**Supplied data**
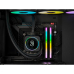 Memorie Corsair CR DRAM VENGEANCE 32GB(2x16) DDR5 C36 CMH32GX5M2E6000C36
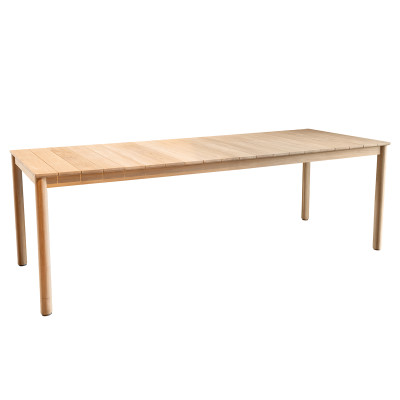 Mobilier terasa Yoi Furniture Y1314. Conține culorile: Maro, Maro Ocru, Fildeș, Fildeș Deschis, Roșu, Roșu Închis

--

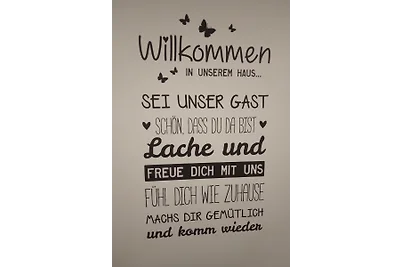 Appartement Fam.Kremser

**What this task involves**
From the line holding "Memorie Corsair CR" to the line holding "Mobilier terasa Yoi", both included, retype the entries above exactly and drop the pictures.

**Problem solution**
 Memorie Corsair CR DRAM VENGEANCE 32GB(2x16) DDR5 C36 CMH32GX5M2E6000C36
 Mobilier terasa Yoi Furniture Y1314. Conține culorile: Maro, Maro Ocru, Fildeș, Fildeș Deschis, Roșu, Roșu Închis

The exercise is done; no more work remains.